Efficient Photocatalytic Hydrogen Production over NiS-Modified Cadmium and Manganese Sulfide Solid Solutions

In this work, new photocatalysts based on Cd(1−x)Mn(x)S sulfide solid solutions were synthesized by varying the fraction of MnS (x = 0.4, 0.6, and 0.8) and the hydrothermal treatment temperature (T = 100, 120, 140, and 160 °C). The active samples were modified with Pt and NiS co-catalysts. Characterization was performed using various methods, including XRD, XPS, HR TEM, and UV-vis spectroscopy. The photocatalytic activity was tested in hydrogen evolution from aqueous solutions of Na(2)S/Na(2)SO(3) and glucose under visible light (425 nm). When studying the process of hydrogen evolution using an equimolar mixture of Na(2)S/Na(2)SO(3) as a sacrificial agent, the photocatalysts Cd(0.5)Mn(0.5)S/Mn(OH)(2) (T = 120 °C) and Cd(0.4)Mn(0.6)S (T = 160 °C) demonstrated the highest activity among the non-modified solid solutions. The deposition of NiS co-catalyst led to a significant increase in activity.

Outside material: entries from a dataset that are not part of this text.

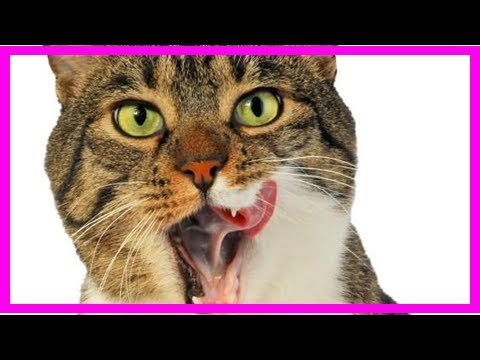 Gingivitis in cats: causes and treatment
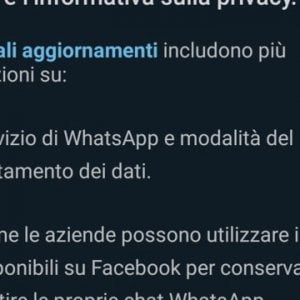 WhatsApp, il Garante bacchetta la piattaforma: “Informativa poco chiara”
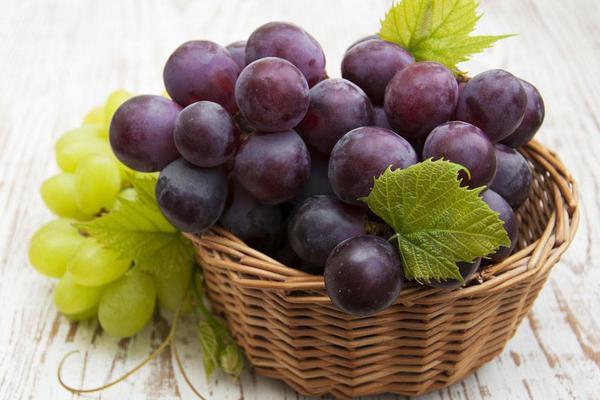 葡萄價格多少錢一斤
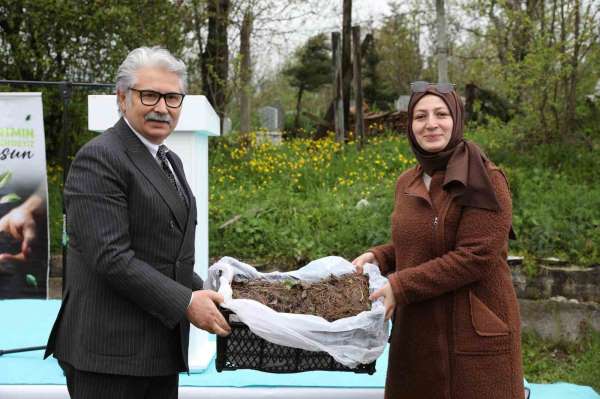 Samsun'da üreticilere 150 bin çilek fidesi desteği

The best activity in the case of the modified samples was shown by 0.5 wt.% NiS/Cd(0.5)Mn(0.5)S (T = 120 °C) at the extraordinary level of 34.2 mmol g(−1) h(−1) (AQE 14.4%) for the Na(2)S/Na(2)SO(3) solution and 4.6 mmol g(−1) h(−1) (AQE 2.9%) for the glucose solution. The nickel-containing samples possessed a high stability in solutions of both sodium sulfide/sulfite and glucose. Thus, nickel sulfide is considered an alternative to depositing precious metals, which is attractive from an economic point of view. It worth noting that the process of photocatalytic hydrogen evolution from sugar solutions by adding samples based on Cd(1−x)Mn(x)S has not been studied before.